### WHAT THE EXERCISE ASKS
Without any pictures, print the lines below from the one that has "Agriturismo Isola Verde *" through the one that has "MHE Celebrate One Year on Broadway", exactly and nothing else.

### MATERIALS PROVIDED
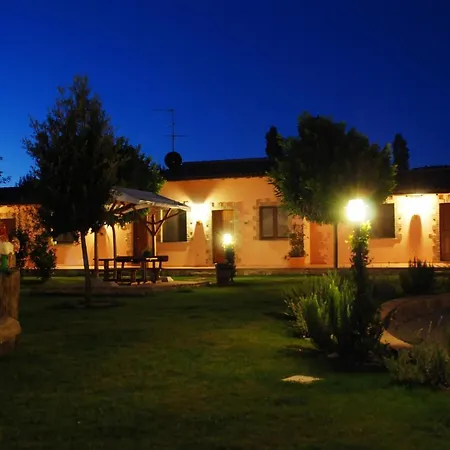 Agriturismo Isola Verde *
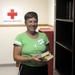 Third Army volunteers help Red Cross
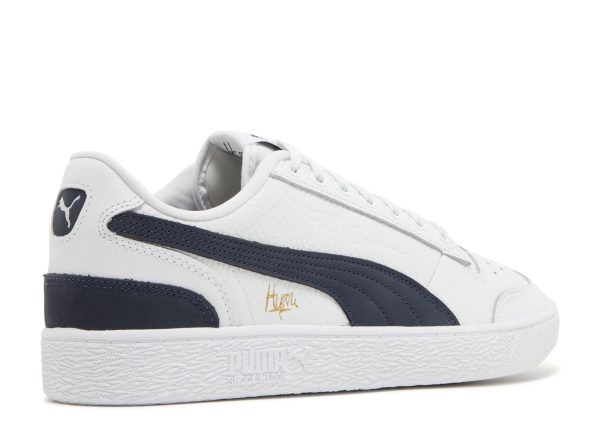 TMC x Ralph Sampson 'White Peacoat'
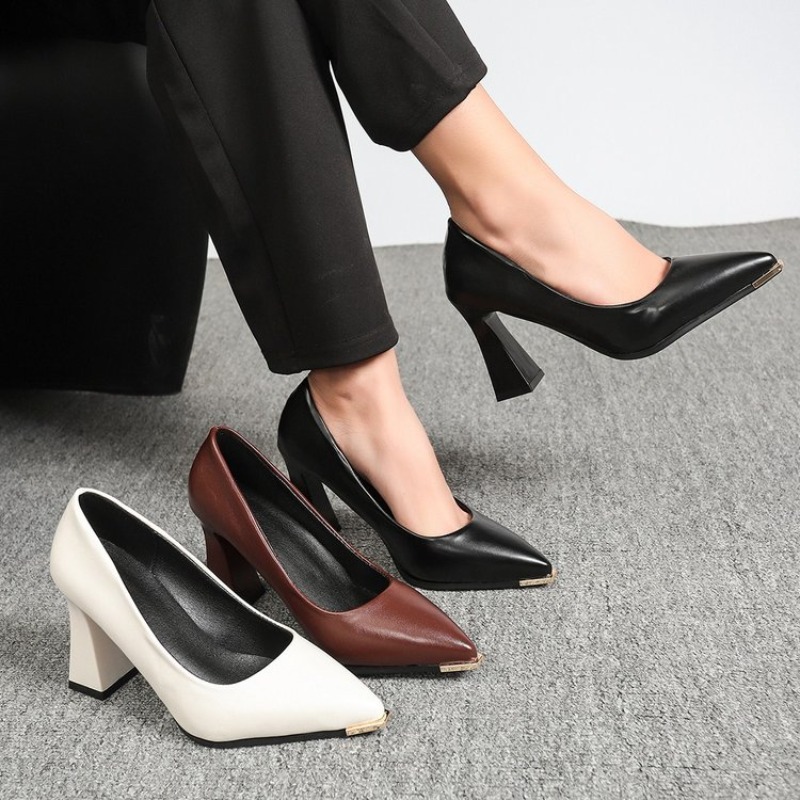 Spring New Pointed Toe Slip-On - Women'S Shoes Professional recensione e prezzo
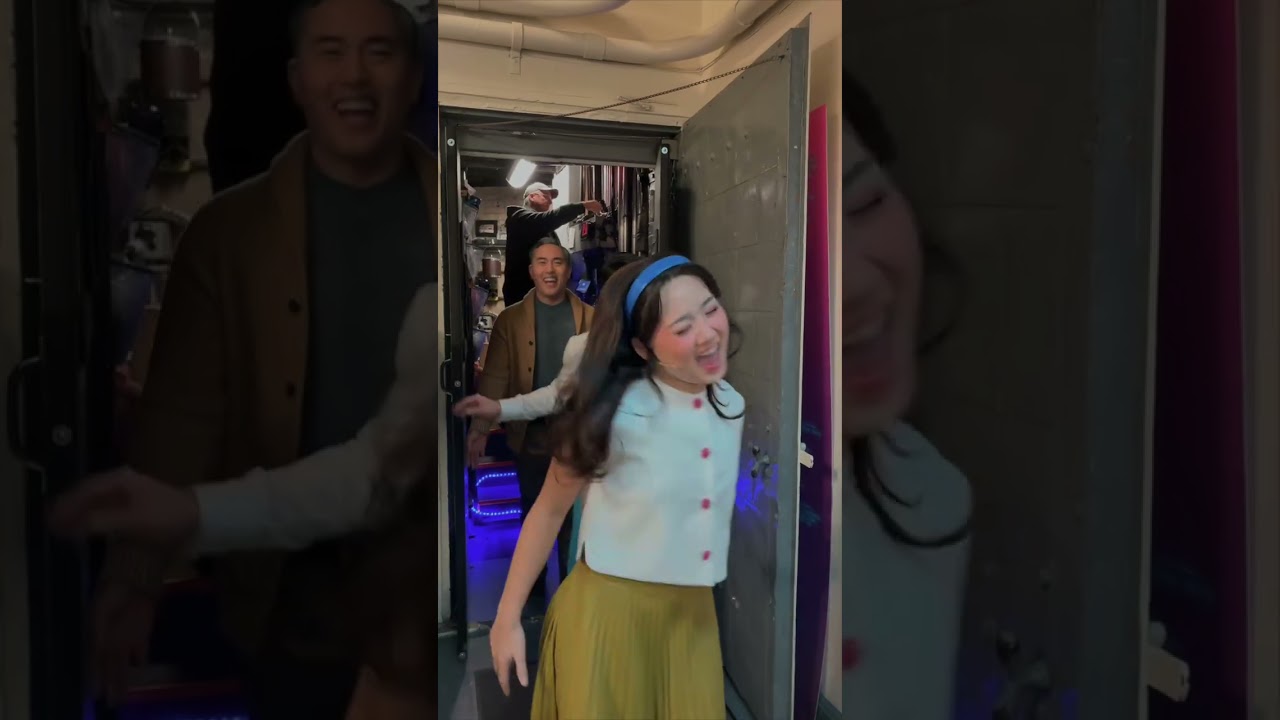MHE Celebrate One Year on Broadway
==
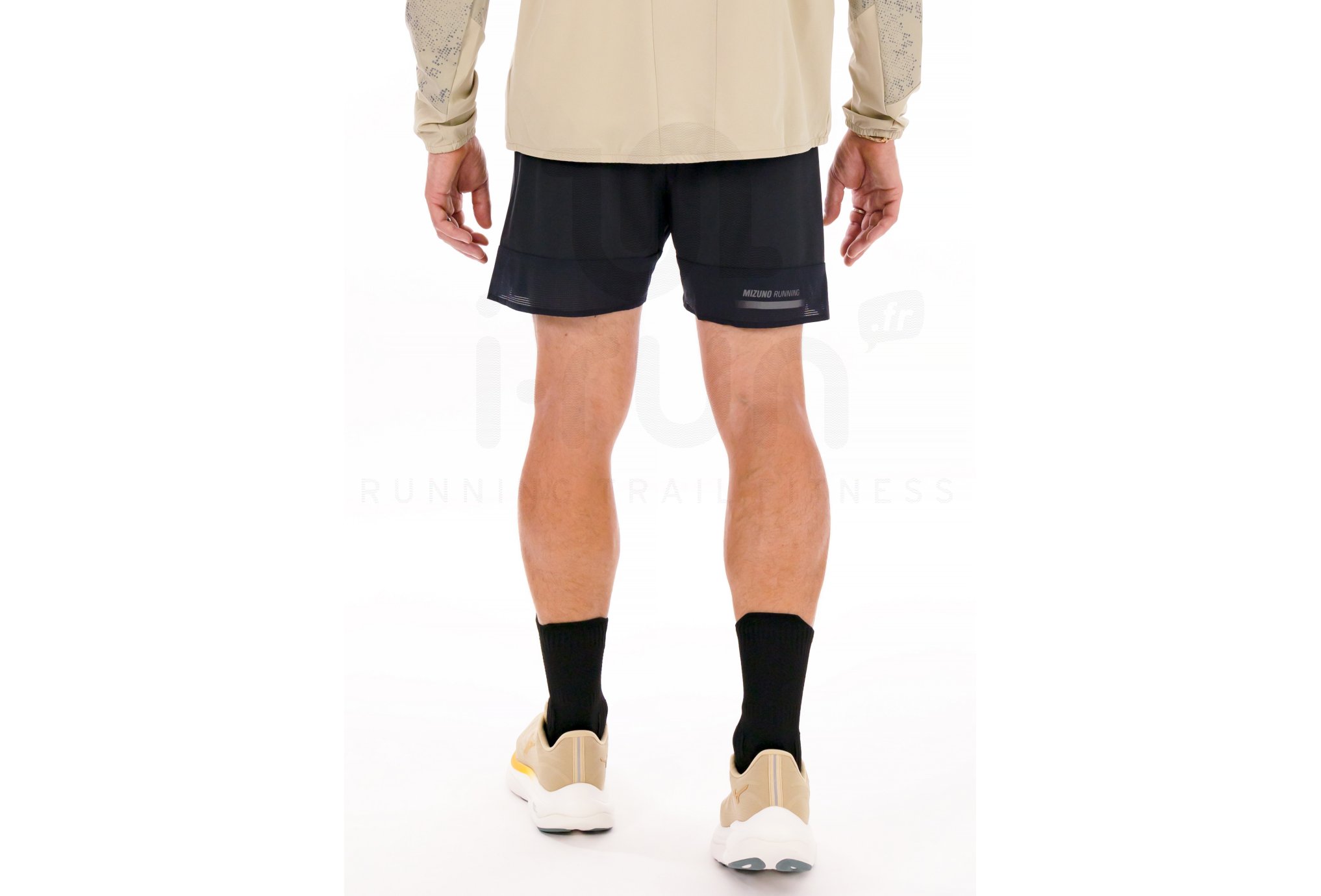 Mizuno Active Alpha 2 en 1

### EXPECTED ANSWER
 Agriturismo Isola Verde *
 Third Army volunteers help Red Cross
 TMC x Ralph Sampson 'White Peacoat'
 Spring New Pointed Toe Slip-On - Women'S Shoes Professional recensione e prezzo
MHE Celebrate One Year on Broadway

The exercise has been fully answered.